MKD DPR Bakal Periksa Rieke, PDIP Meradang: Bisa-bisa Dibubarkan!
Jakarta, MI - Politikus PDI Perjuangan, Aria Bima, menyoroti rencana Mahkamah Kehormatan Dewan (MKD) DPR RI memeriksa anggota Fraksi PDIP DPR RI, Rieke Diah Pitaloka dalam dugaan pelanggaran kode etik menuai pro kontra.
Dugaan pelanggaran kode etik dimaksud terkait dengan pernyataan Rieke terkait usulan penundaan penerapan kebijakan Pajak Pertambahan Nilai (PPN) sebesar 12 persen.
Dia mengingatkan MKD agar tak mengintervensi hak imunitas anggota legislatif, dalam menyuarakan aspirasinya secara kritis.
"Kalau cara menyampaikan hal-hal yang kritis ini kemudian MKD ikut-ikut mengintervensi hak imunitas anggota dewan, enggak bisa. Saya percaya MKD tidak latah kemudian setiap anggota DPR dipanggil," kata Wakil Ketua Komisi II DPR RI itu di Kompleks Parlemen, Senayan, Jakarta, Senin (30/12).
Aria Bima menyatakan pandangannya merespons rencana MKD DPR RI memanggil anggota Komisi VI DPR RI, Rieke Diah Pitaloka terkait dugaan pelanggaran kode etik atas pernyataannya yang muncul di media sosial.
Dalam potongan video Rieke mengeluarkan pernyataan tentang penolakan kenaikan pajak pertambahan nilai (PPN) menjadi 12 persen. Pernyataan tersebut ada yang menilai provokatif, sehingga kemudian Rieke diadukan ke MKD. "Saya memprotes itu, MKD jangan latah menanggapi hal-hal yang dilontarkan anggota dewan, bisa-bisa MKD yang dibubarkan," bebernya.
Dia pun menegaskan bahwa MKD DPR RI sepatutnya menempatkan diri pada tugas, porsi, dan kewenangan dalam menjaga kehormatan DPR sebagai lembaga perwakilan rakyat. "Dewan ini terhormatnya ada dua, keputusan kelembagaan dan juga perilaku anggota dewan," katanya.
Tak hanya itu, dia juga mengingatkan agar MKD DPR RI tidak menjadi polisi dengan latah mengurusi hal-hal menyangkut fungsi dan tugas anggota dewan.
"Kalau itu dalam ucapan di dalam sikapnya mencederai institusi dewan silakan, tetapi kalau itu dalam rangka tugas dia yang diberi amanah dan mandat rakyat, jangan kemudian MKD menjadi polisi. Saya tetap hormat kepada MKD, misalnya, perilaku yang disorientasi anggota dewan terhadap berbagai hal yang mencederai, baik institusi itu dipanggil monggo," katanya panjang lebar.

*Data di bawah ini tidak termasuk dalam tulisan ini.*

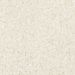 Atlas Concorde Marvel Gems Terrazzo Cream 60x60 Matt - ATW5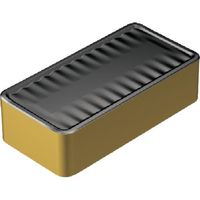 サンドビック SANDVIK TーMax P 旋削加工用チップ(340) 4215 LNMX 50 14 32-XH 1個 315-0609（直送品）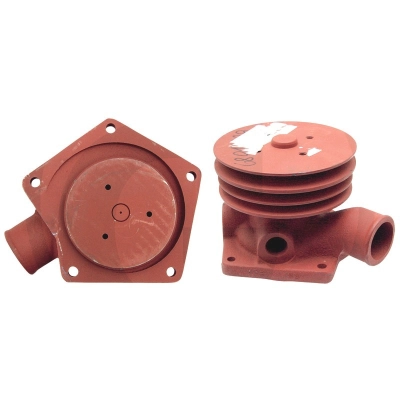 Pompa wody ZETOR 68017029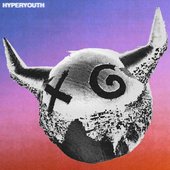 HYPERYOUTH [Explicit]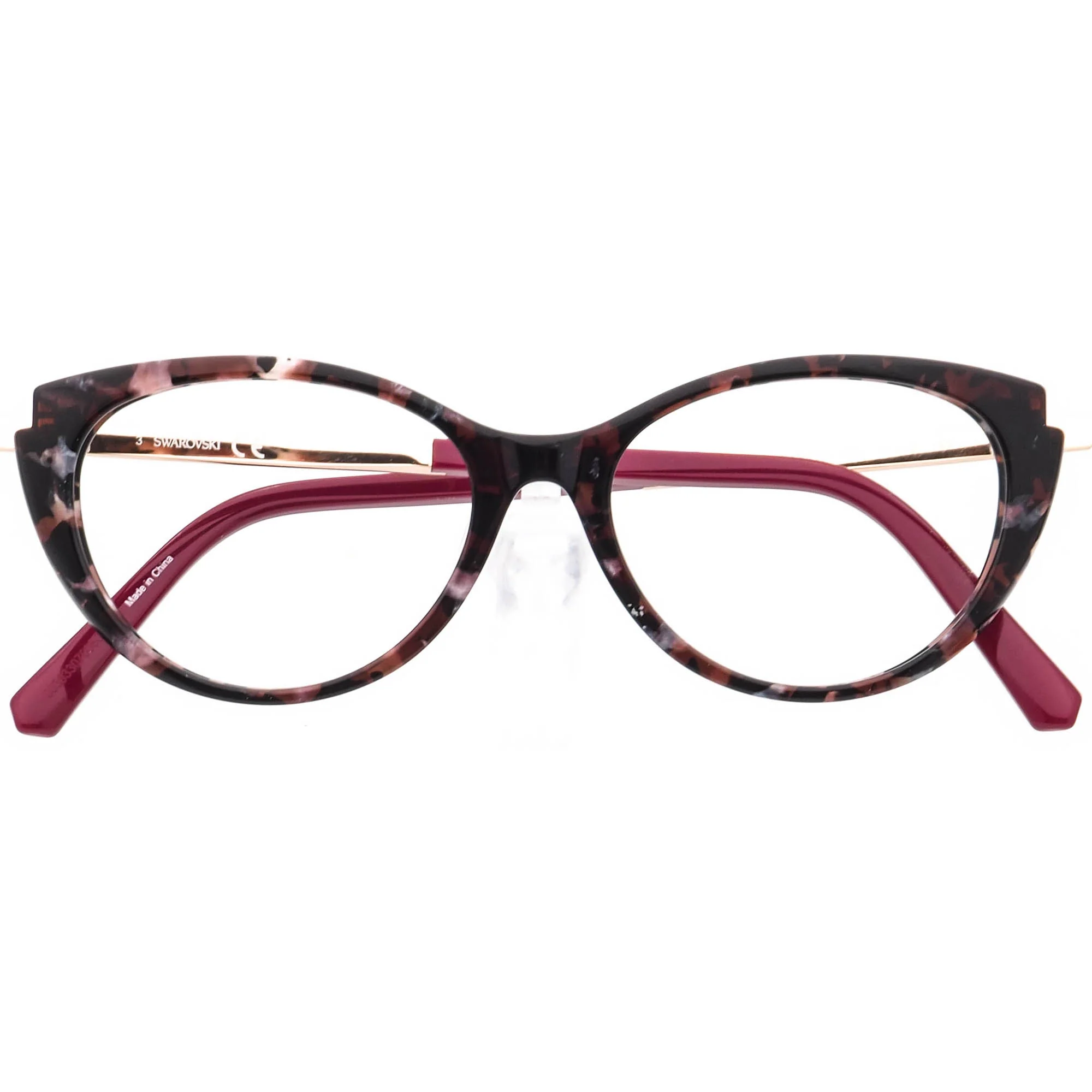 Swarovski SK 5413 055 51□16 145 - Image 6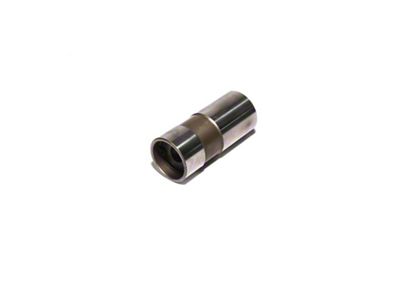 Comp Cams LifterTool Steel.904in Uncoate - 89904-1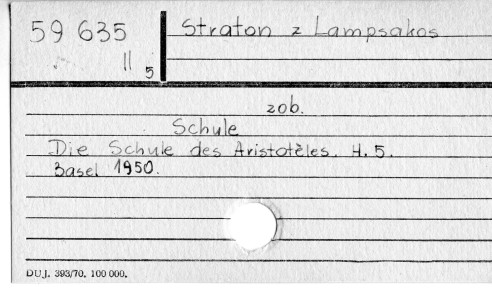 0114-0302.jpg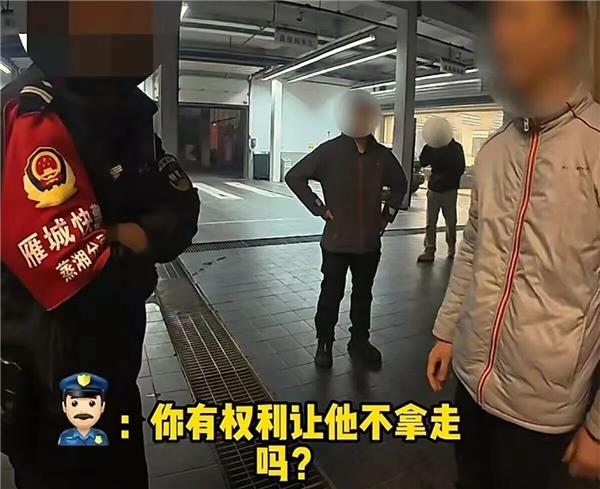驱车500公里送发动机，车主拒付尾款跑路：修理厂这些年，都遇到过哪些奇葩车主？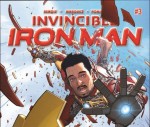 ironman3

Aria lantas menjelaskan bahwa interupsi yang disampaikan Rieke Diah Pitaloka saat Rapat Paripurna DPR RI di kompleks parlemen, Jakarta, Kamis (5/12/2024), lebih berisi penundaan kebijakan kenaikan PPN menjadi 12 persen pada 2025.
"Kalau yang merasa bahwa itu sudah merupakan suatu keputusan DPR dalam bentuk undang-undang, yang disoroti Mba Rieke setahu saya adalah implementasi timing (waktu penerapan)-nya yang mungkin dinilai masih perlu dicermati kembali. Supaya rakyat ini tidak menjadi beban," katanya.
Dia menyebut meski berada di barisan oposisi pemerintahan, PDIP tidak serta merta apriori terhadap kebijakan pemerintahan Presiden Prabowo Subianto, melainkan ikut mengawalnya melalui masukan ataupun kritik yang konstruktif.
Begitu pula, terkait kebijakan kenaikan PPN pada tahun 2025 yang diamanatkan melalui Undang-Undang Nomor 7 Tahun 2021 tentang Harmonisasi Peraturan Perpajakan (UU HPP).
"Saya kira masukan-masukan yang mungkin menolak atau perlu mempertimbangkan kembali bisa disalurkan lewat usulan-usulan misalnya terhadap perubahan APBN (Anggaran Pendapatan dan Belanja Negara) tahun 2025, dan saya kira pak Prabowo tidak serta merta kemudian ingin mencekik rakyat, mari kritisi bareng-bareng antara yang setuju dan tidak setuju pada saat implementasi PPN ini diterapkan," tandasnya.